Everybody told me Iyabo liked me. I didn’t know what was wrong with me. And I liked her. But I was such a shy thing, and could not bear the idea of running into Iyabo. Other boys seemed totally capable of handling the situation well. But it seemed when I saw her I was going to die. At the same time, I longed to run into her, though if I did, I wouldn’t even be able to say a proper hello to her. And I could see that she smiled whenever we met on the street, which didn’t make matters any better. That shyness has steadily remained with me all my life. I am a little bit better now, but I wouldn’t still bet that I would boldly let a woman know if I liked her. That’s just the way I’m made, and it has saved me from a lot of trouble, when I look back and reflect on the matter. Age has made me a little bolder, but don’t trust me to make the first move.
But here I was in the middle of a roomful of people, and this gorgeous girl was asserting in front of everyone that she liked me.

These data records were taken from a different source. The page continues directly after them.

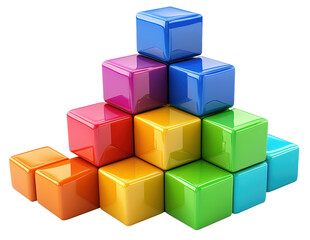 Obraz premium A stack of colorful blocks with a rainbow pattern. The blocks are arranged in a pyramid shape. Concept of creativity and playfulness, as the blocks are not just ordinary building blocks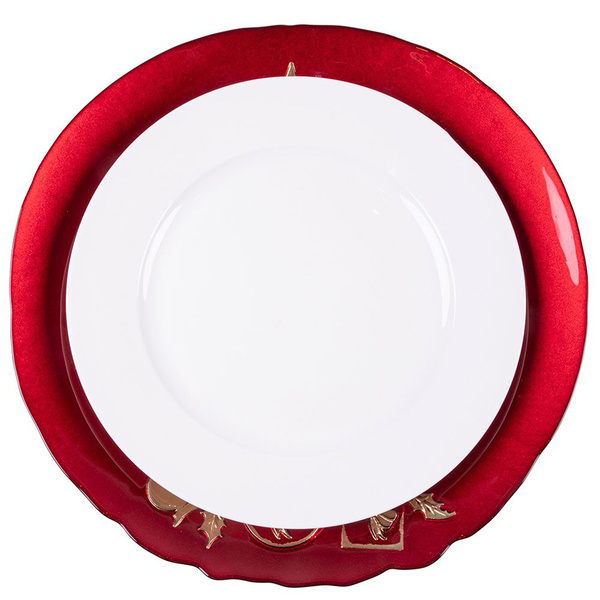 Christmass tree plate glass red / gold 34x2,5 cm Galileo 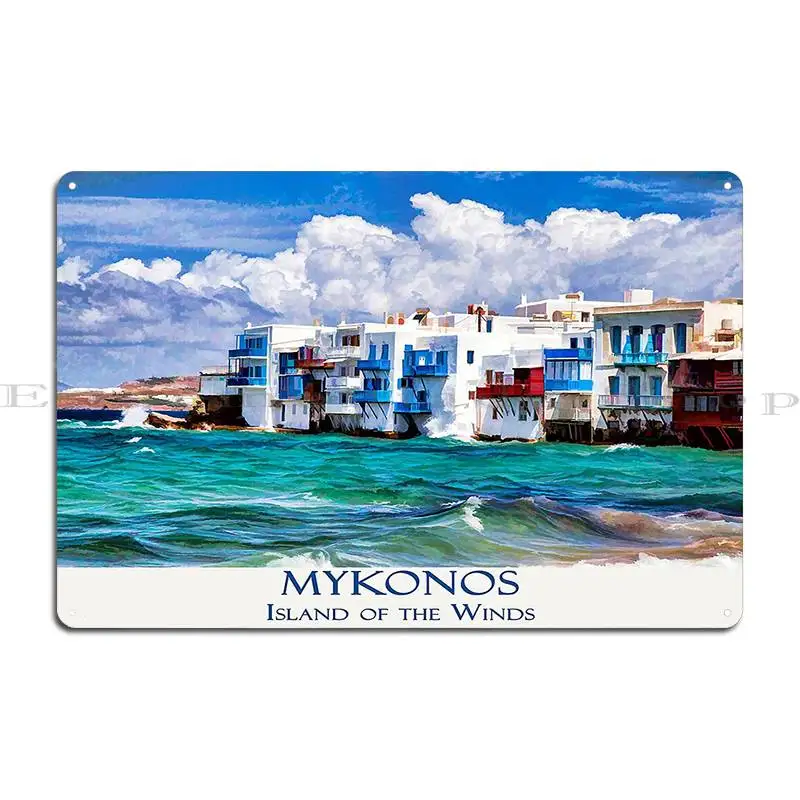 Mykonos Island Of The Winds Metal Plaque Poster Design Cinema Wall Cave Customize Cave Tin Sign Poster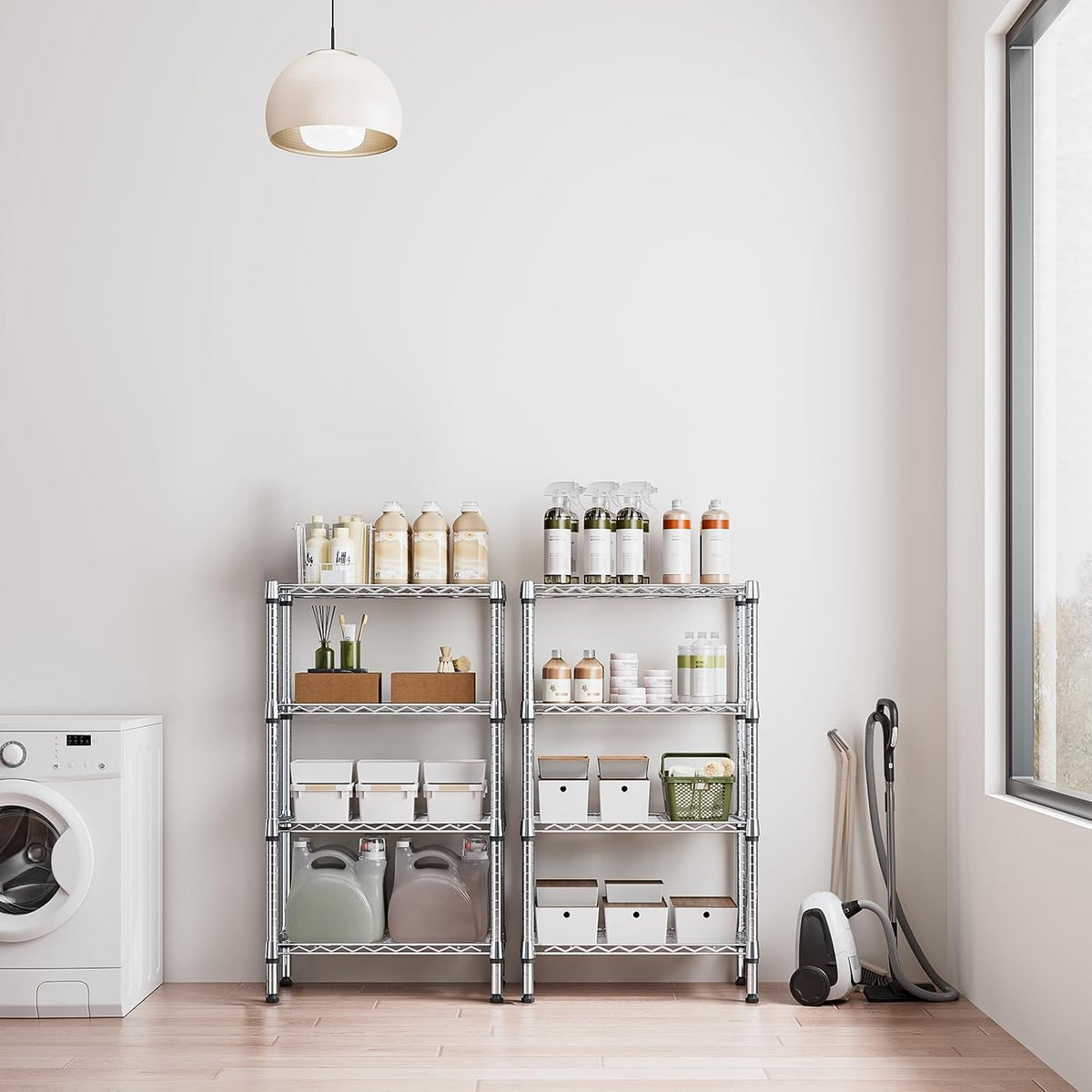 M MZG 450 lbs Steel Storage Shelving 3-Tier Utility Shelving Unit Steel Organizer Wire Rack for Home,Kitchen,Office (11.8" D x 17.7" W x 26.3" H) - Colors A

“Over to you, Muyo,” said Madam Ngu, digging into her plate of pounded yam. “Gina, go and get the professor his own food. Gina turned elegantly, and glided back, still hugging the tray to her chest, defensively.
Rufus said, “Leave everything to me, Moyo. We’ll take care of her.”
Obaseki, thank goodness, abruptly changed the subject, saying, “Prof, I have something to say, sir.”
“What?” said Professor Wangboje. He washed his hand, reached over and picked a piece of meat from Iya Ngu’s plate.
Iya Ngu said, “Better just keep eating from my plate. I can’t finish one-quarter of the food. I’m watching my weight.”
“No,” said the professor. “I’ll wait for my plate.”
“As I said, sir,” Obaseki continued, “I have an important thing to say.”
“And who is holding down your tongue, prince,” said Iya Ngu.
“Thanks, sir, thank ma,” said Obaseki. “Please help me to appeal to Mr. Rufus. I have offended him very badly.”
Rufus snapped, “No, you have not offended me. I am not the one you offended.”
“Have, have, have you-you-you for-for-given me then?” Obaseki asked.
“I have not forgiven you,” Rufus retorted.
“Whatever he might have done to you, Rufus,” said Iya Ngu, “you must forgive him. You know he is not well. He is just recovering.”
Gina returned with the professor’s food on a tray and was setting the meal on the table in from of him.
I said, “Gina, get Obaseki a plate too. Rufus ate his food.”
Gina looked at me boldly and directly with a smile. “Yes, sir,” she said, genuflecting slightly.
“We have beer and soft drinks,” Gina continued. “What should I bring for you?”
Iya Ngu looked at me. “Muyo and I will share a beer. Is it very cold?”
“Yes, ma,” Gina said.
“Get me a cold coke,” said Professor Wangboje. “Obaseki, what will you drink?”
“I will share a beer with Mr. Rufus,” said Obaseki.
“I’m not sharing a beer with you,” Rufus said. “Gina, bring me a bottle of very cold Gulder.”